I find nothing wrong in those logs. I will consult this issue with a colleague who is a Windows Shell Expert, and will get back to you

I am under the impression that its is a small setting causing this issue. Don't do anything yet. I'll be back with you.


----------



## JSntgRvr (Jul 1, 2003)

Download Windows Script 5.6 for Windows 2000 and see if that makes a difference:

http://www.microsoft.com/downloads/...43-7E4B-4622-86EB-95A22B832CAA&displaylang=en


----------



## EssenceRare (Aug 2, 2007)

5.6 did at least install but I have still have the problem. I also tried installing IE6 again but that will still not install.
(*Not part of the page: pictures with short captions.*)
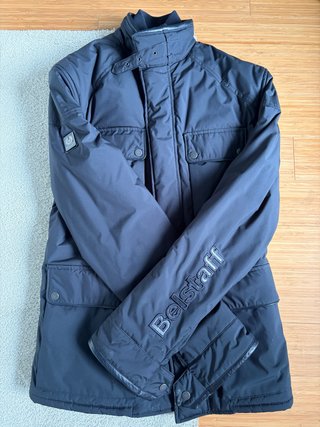 Chaqueta Belstaff Negra Acolchada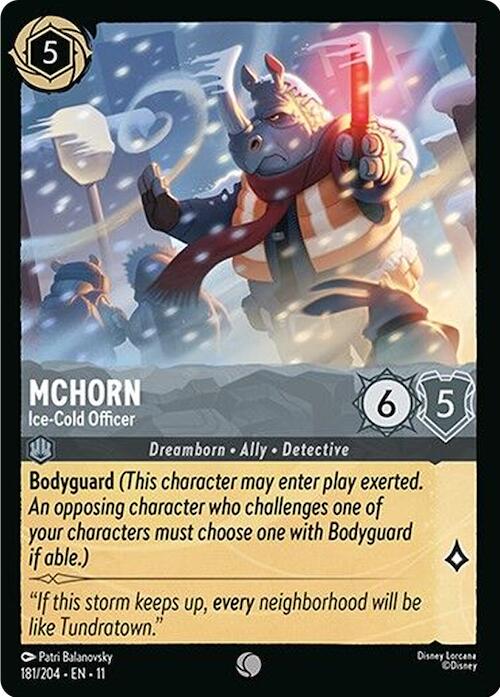 McHorn - Ice-Cold Officer (181/204) [Winterspell] | Total Play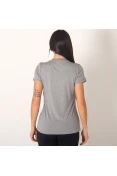 CAMISETA NIKE SPORTSWEAR GRAPHIC FEMININA - Cinza CAMISETA NIKE SPORTSWEAR GRAPHIC FEMININA - Cinza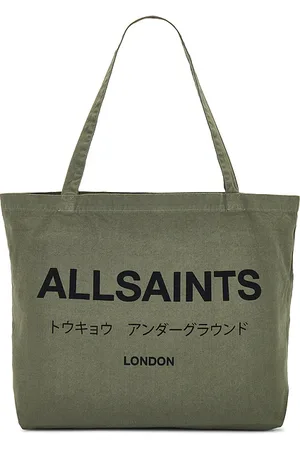AllSaints Bolso tote en color verde oliva talla all en - Olive. Talla all.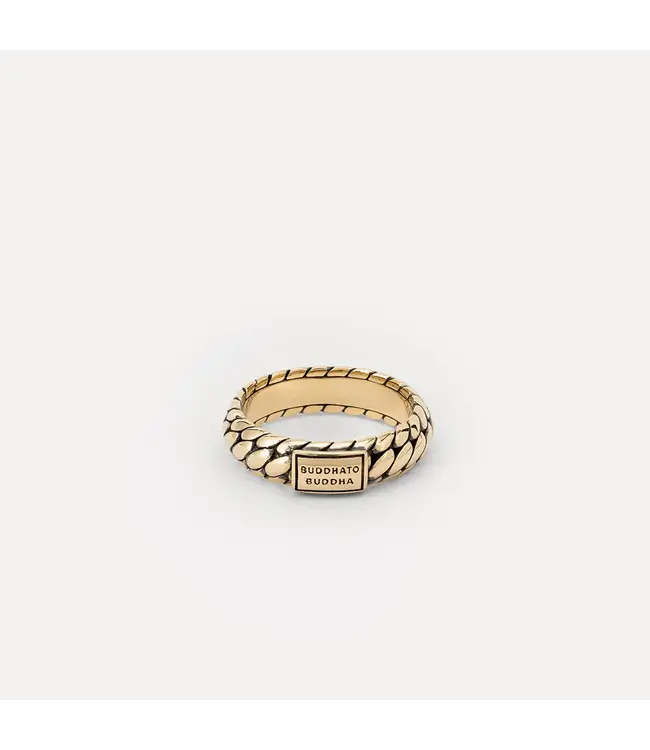 Buddha to Buddha Exclusieve de nieuwe Ben XS Gouden Ring Geelgoud 14kt van 925 Sterling Zilver – Gratis Gravure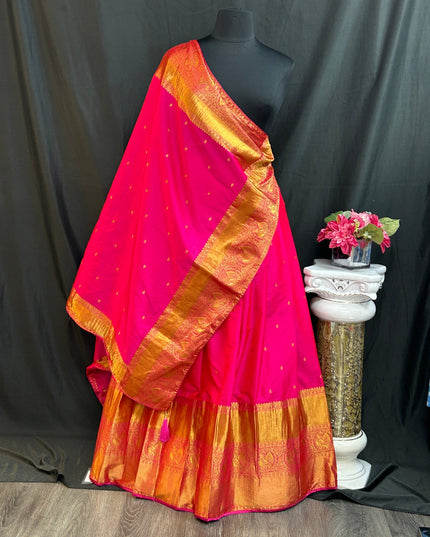 Kanjeevaram Silk Lehenga Set - Traditional Bridal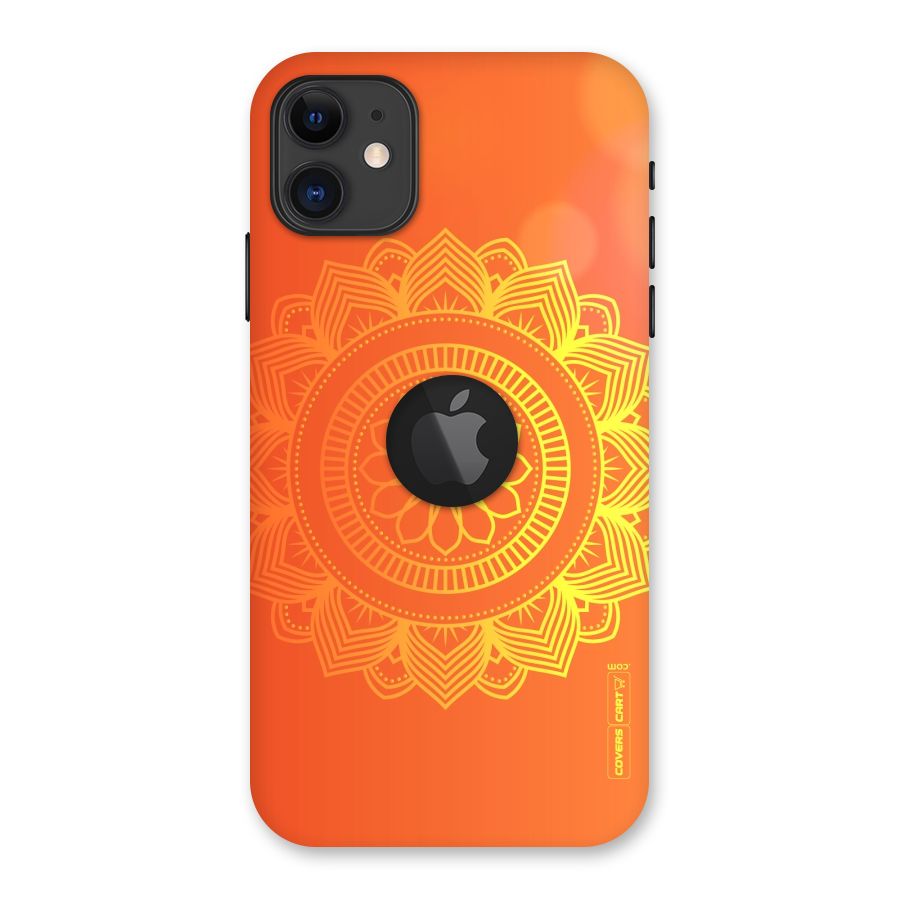Diwali Rangoli Back Case for iPhone 11 Logo Cut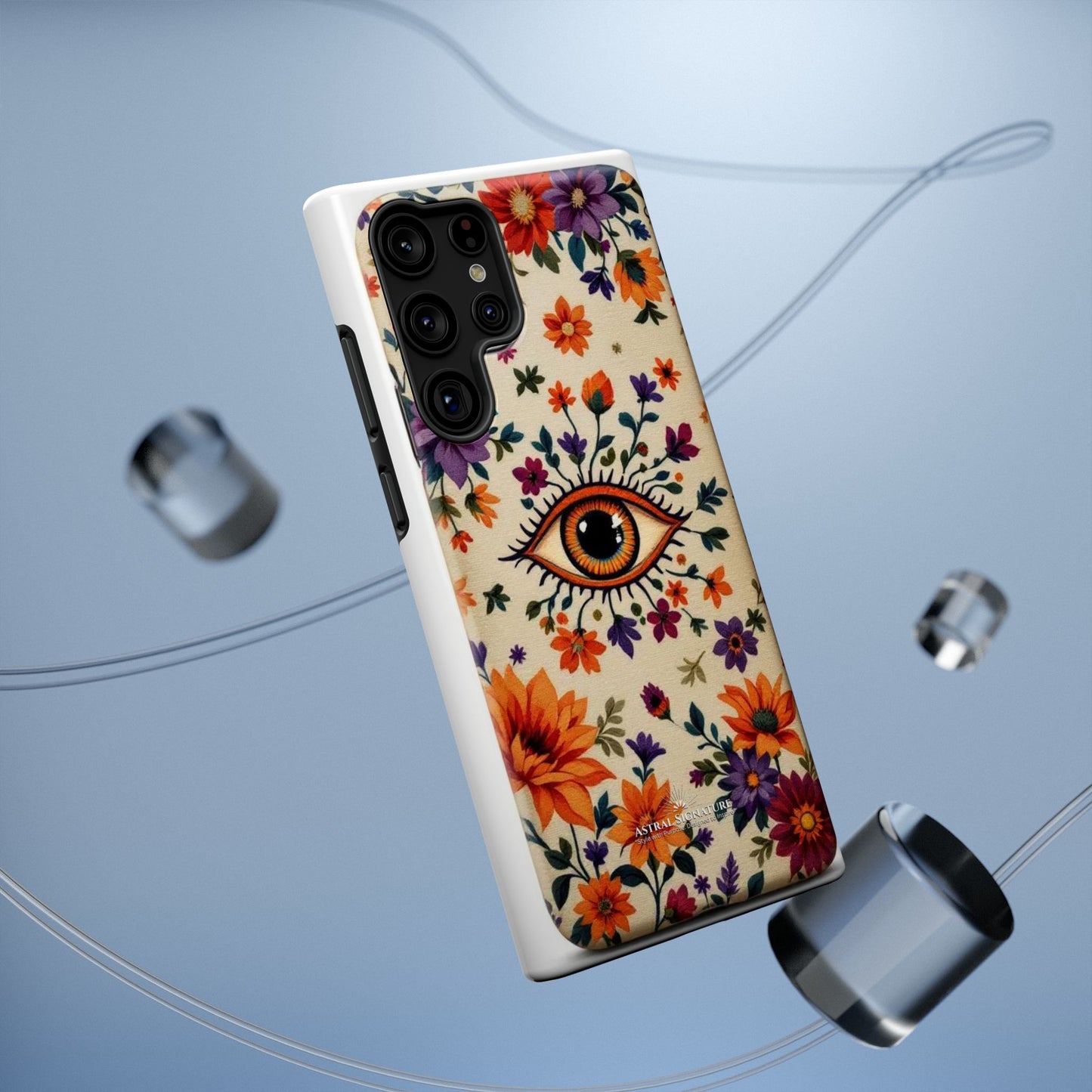 Phone Cases - Eye of God Symbol Impact-Resistant Case by Astral Signature
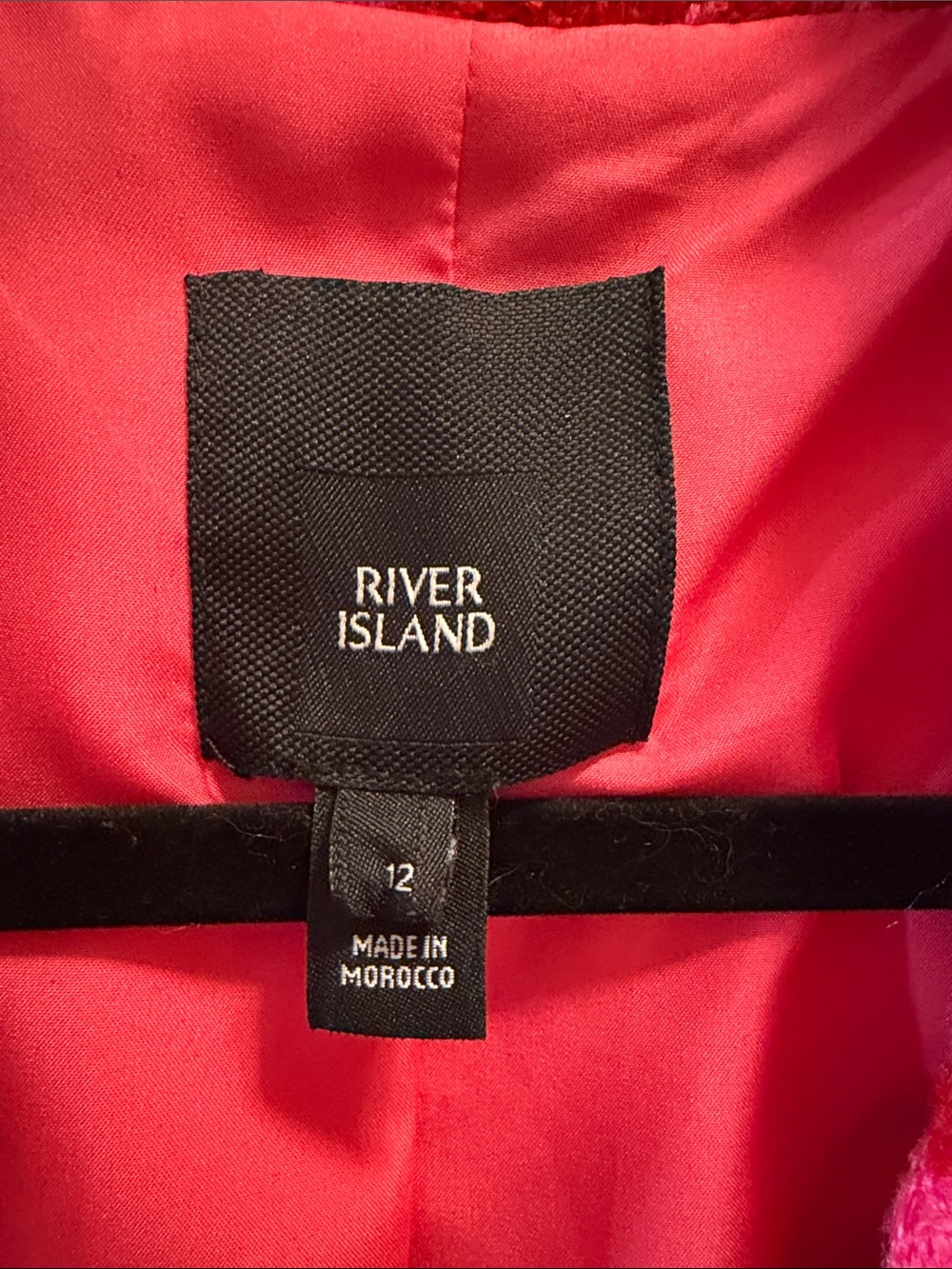 River Island Pink Houndstooth Blazer Jacket - Picture 4 of 5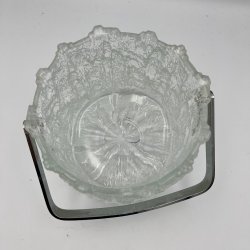 Vintage Iittala Ultima Thule isspand i isglas af Tapio Wirkkala
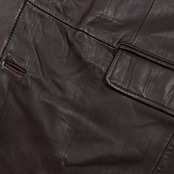 本革 Gresham グレシャム 羊革 シワ加工 レザージャケット LL/ダークブラウン メンズ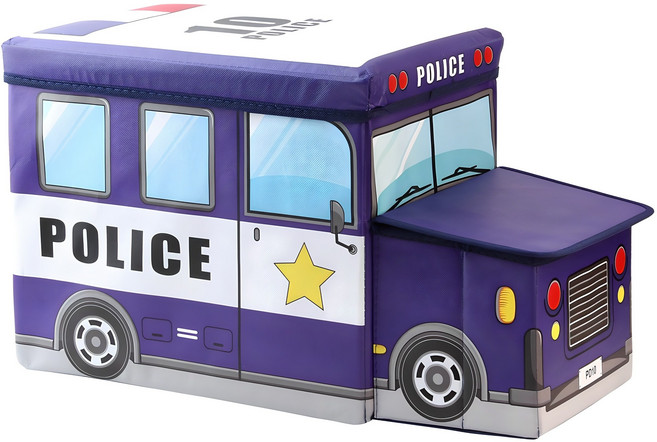 메오 자동차 장난감 정리함, 파랑폴리스카, 1개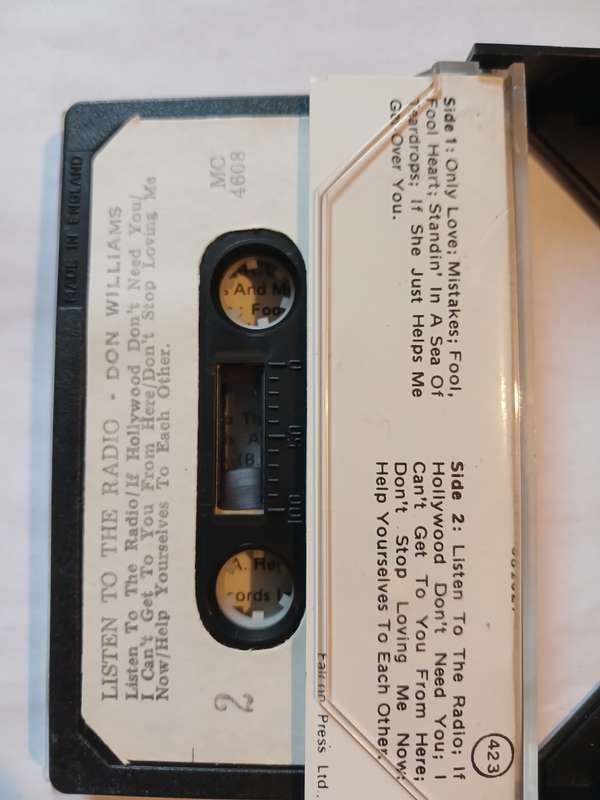 Don Williams, Listen to the Radio Cassette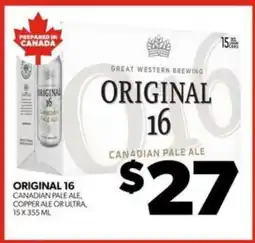Real Canadian Liquorstore Original 16 offer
I am not sure if this is relevant but when I ran the last batch jobs I ran them from explorer (by opening it during windows start-up). Could that effect the results?


----------



## Rollin' Rog (Dec 9, 2000)

Some questions:

1 >


> If I try to run explorer during the pc start up it works but once the pc has fully started it never works. Sometimes this error applies to other applications as well (e.g. if I try to open 2 versions of Firefox it sometimes errors).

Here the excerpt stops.